Mr Thomas was engaged through an employment agency to provide consultancy services to an NHS Trust. After he was informed his assignment was being terminated early because he had failed to disclose an unspent conviction, he brought a claim for discrimination on the grounds of religion or belief. He alleged his assignment was terminated because of his political affiliation with the English Democrats political party, for whom he had stood for political office, and his philosophical belief in English nationalism.
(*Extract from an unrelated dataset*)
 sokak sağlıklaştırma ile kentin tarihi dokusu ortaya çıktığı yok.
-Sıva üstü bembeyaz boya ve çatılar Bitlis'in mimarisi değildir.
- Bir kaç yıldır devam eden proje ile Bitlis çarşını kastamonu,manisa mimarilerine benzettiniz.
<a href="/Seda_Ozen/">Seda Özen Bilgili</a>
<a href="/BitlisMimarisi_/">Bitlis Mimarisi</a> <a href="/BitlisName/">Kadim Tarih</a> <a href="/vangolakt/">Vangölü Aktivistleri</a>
As part of this belief he held anti-Islamic beliefs, in essence that there was no place in British society for Muslims or Islam and that Muslims should be forcibly deported from the UK.
At a preliminary hearing, the tribunal found that the fifth criterion of the Grainger test on what amounts to a protected philosophical belief - that the belief must be worthy of respect in a democratic society, not be incompatible with human dignity and not conflict with the fundamental rights of others – was not satisfied.
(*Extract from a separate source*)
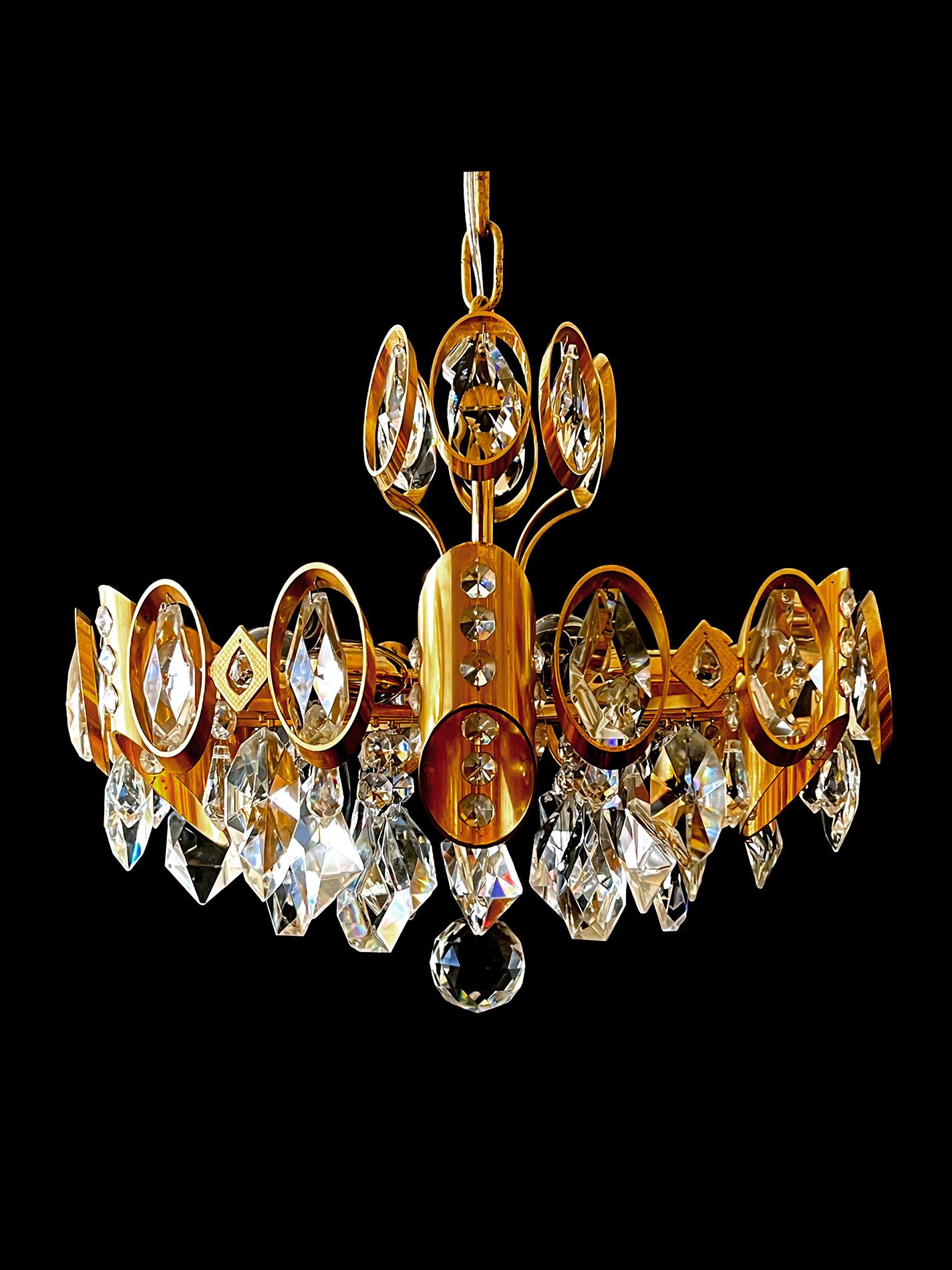 Hollywood Regency Lustre à 6 lumières en laiton doré et cristal de Gaetano Sciolari pour Palwa  en vente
Mr Thomas appealed to the EAT which held that, while the threshold for the fifth criterion of the Grainger test is low, the tribunal was entitled to find that Mr Thomas' belief did not pass that threshold.
Practical point
The EAT commented that the decision in the gender critical belief case of Forstater may not be the last word on the issue. Forstater set a low threshold for beliefs to be protected, finding that only beliefs akin to Nazism, pursuing totalitarianism or ‘espousing violence and hatred in the gravest of forms’ would not be a protectable belief. This case suggests that beliefs which espouse intolerance and discrimination but which fall short of stirring up hatred or violence (such as Nazisim or totalitarianism) may not be protected.
Further clarity is anticipated once the Court of Appeal hands down its decision in the gender critical beliefs case of Higgs v Farmor’s School which was heard earlier this month.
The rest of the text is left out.